* EXERCISE INSTRUCTIONS: Beginning with the line that contains "Czujnik ultradźwiękowy odległości" in the material below, print each line exactly until the line that contains "1911 Political Cartoons" has been printed, then stop.

* THE INPUT:
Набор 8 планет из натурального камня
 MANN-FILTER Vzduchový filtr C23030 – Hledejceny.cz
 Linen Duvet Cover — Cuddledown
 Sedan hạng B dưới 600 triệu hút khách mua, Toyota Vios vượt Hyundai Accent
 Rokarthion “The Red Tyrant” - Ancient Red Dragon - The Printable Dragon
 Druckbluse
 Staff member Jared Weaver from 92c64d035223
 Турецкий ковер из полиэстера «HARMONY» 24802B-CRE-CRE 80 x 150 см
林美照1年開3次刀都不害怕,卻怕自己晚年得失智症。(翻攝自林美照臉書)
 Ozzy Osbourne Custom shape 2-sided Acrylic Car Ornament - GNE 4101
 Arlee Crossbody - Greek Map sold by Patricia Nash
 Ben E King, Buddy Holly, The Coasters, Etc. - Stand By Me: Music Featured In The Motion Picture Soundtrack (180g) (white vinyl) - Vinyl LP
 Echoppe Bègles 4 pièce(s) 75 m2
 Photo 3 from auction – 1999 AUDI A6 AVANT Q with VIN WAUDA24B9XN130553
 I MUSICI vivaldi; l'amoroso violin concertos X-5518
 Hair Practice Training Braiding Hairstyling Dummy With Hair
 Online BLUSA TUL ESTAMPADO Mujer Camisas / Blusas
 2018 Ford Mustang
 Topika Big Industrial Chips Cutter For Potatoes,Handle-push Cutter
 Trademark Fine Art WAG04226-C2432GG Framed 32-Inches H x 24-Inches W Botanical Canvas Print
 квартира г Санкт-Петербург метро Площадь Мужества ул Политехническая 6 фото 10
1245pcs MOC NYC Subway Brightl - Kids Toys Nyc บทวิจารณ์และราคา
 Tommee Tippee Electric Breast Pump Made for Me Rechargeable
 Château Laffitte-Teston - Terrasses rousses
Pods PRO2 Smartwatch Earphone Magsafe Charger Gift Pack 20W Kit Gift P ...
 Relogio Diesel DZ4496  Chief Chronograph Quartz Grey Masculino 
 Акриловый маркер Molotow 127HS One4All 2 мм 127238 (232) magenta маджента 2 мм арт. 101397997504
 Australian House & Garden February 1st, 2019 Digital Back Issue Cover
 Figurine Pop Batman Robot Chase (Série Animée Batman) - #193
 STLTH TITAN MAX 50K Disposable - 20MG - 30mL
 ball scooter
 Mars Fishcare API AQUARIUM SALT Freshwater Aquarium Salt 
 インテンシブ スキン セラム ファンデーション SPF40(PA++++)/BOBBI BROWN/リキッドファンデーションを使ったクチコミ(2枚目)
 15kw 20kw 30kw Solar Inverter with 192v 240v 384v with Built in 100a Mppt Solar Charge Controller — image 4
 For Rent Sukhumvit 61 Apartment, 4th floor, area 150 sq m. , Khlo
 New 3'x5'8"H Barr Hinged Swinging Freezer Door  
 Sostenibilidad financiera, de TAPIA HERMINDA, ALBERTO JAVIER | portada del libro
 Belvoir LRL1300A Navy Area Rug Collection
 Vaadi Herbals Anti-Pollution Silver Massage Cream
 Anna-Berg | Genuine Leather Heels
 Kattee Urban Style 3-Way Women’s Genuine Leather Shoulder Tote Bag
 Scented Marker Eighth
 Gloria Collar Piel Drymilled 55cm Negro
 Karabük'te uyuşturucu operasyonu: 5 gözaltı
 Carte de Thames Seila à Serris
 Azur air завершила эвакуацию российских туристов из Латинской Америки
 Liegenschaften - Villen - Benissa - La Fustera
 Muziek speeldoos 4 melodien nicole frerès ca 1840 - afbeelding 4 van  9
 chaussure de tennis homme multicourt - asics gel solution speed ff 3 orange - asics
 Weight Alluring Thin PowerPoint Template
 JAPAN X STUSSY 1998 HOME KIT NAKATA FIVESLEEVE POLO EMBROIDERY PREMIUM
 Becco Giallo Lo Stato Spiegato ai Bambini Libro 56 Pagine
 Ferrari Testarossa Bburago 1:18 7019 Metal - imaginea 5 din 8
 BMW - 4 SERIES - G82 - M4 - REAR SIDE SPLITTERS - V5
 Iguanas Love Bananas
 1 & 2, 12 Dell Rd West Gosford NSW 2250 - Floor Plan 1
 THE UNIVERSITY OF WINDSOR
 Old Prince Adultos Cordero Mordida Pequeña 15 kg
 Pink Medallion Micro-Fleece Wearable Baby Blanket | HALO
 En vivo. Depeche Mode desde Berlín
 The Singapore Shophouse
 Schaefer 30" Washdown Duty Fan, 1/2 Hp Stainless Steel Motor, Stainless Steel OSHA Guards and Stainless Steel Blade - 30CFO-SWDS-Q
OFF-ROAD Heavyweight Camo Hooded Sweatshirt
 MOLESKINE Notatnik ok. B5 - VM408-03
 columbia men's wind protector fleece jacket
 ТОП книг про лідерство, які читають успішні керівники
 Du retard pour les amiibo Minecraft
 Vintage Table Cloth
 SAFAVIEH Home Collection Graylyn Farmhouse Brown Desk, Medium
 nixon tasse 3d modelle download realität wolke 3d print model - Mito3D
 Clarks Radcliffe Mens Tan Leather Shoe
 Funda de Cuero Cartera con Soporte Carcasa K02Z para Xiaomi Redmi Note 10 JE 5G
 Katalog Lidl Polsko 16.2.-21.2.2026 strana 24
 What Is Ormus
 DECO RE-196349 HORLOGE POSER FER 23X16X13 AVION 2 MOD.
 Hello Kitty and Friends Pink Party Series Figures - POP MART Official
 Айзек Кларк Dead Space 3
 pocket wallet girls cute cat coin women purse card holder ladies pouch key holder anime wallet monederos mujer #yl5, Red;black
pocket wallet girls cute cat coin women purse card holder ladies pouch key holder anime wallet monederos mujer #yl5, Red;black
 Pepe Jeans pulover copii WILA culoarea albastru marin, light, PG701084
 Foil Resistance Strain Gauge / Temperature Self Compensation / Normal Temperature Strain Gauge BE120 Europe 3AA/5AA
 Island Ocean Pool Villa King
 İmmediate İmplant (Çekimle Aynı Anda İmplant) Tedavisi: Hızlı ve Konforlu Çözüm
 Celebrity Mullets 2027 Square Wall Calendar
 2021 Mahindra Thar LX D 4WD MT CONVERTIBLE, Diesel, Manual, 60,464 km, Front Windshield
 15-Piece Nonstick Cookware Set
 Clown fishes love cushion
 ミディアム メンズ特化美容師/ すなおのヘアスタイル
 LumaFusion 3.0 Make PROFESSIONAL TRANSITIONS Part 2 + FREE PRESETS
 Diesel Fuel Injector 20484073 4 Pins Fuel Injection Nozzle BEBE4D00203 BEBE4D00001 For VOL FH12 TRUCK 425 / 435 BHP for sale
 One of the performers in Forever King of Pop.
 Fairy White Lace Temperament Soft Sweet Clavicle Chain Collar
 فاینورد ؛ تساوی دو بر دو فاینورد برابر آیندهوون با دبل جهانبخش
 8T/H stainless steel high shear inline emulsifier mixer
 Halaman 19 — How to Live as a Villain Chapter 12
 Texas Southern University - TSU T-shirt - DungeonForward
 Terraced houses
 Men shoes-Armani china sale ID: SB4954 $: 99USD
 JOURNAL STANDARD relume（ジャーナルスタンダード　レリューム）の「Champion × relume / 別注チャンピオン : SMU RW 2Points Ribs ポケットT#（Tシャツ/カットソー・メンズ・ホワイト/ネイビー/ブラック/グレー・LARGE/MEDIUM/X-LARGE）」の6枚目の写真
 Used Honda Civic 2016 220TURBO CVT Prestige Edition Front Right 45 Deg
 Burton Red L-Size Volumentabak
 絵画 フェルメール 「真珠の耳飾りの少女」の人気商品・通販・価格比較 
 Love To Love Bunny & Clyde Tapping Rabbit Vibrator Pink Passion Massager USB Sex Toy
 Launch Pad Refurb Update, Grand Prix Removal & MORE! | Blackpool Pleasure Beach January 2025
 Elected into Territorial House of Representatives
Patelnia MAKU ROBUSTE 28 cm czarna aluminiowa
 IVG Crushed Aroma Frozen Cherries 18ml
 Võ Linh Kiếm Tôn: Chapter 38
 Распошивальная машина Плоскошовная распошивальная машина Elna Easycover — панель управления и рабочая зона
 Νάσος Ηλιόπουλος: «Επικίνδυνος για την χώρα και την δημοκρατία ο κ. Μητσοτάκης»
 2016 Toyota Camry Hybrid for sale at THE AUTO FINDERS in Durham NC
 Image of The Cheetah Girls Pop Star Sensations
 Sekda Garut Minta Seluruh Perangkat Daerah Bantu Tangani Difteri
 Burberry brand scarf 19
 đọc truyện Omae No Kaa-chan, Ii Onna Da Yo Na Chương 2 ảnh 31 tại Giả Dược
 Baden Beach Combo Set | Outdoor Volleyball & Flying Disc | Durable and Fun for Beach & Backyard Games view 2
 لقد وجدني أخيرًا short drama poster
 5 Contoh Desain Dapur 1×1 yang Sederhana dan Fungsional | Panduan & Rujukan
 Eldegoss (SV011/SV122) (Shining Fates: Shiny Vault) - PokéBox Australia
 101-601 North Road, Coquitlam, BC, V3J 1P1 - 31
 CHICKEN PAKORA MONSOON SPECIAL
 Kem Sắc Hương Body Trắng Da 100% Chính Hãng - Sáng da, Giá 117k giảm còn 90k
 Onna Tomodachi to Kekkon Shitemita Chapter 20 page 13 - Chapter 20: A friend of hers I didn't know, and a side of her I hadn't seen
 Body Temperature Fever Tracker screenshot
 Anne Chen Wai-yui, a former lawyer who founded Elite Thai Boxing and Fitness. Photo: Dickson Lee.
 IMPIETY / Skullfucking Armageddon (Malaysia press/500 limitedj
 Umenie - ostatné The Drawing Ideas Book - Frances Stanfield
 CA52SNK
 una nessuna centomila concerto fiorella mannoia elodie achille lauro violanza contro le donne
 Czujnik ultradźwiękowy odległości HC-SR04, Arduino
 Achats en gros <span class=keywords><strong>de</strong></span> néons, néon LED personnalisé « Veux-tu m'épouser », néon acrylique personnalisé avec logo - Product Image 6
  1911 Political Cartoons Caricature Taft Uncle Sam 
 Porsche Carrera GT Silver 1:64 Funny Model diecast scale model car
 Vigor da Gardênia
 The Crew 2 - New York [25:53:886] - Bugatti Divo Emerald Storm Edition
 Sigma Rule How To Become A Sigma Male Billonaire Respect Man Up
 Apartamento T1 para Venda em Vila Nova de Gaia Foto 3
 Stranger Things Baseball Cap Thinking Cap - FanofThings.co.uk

* EXERCISE RESPONSE:
 Czujnik ultradźwiękowy odległości HC-SR04, Arduino
 Achats en gros <span class=keywords><strong>de</strong></span> néons, néon LED personnalisé « Veux-tu m'épouser », néon acrylique personnalisé avec logo - Product Image 6
  1911 Political Cartoons Caricature Taft Uncle Sam 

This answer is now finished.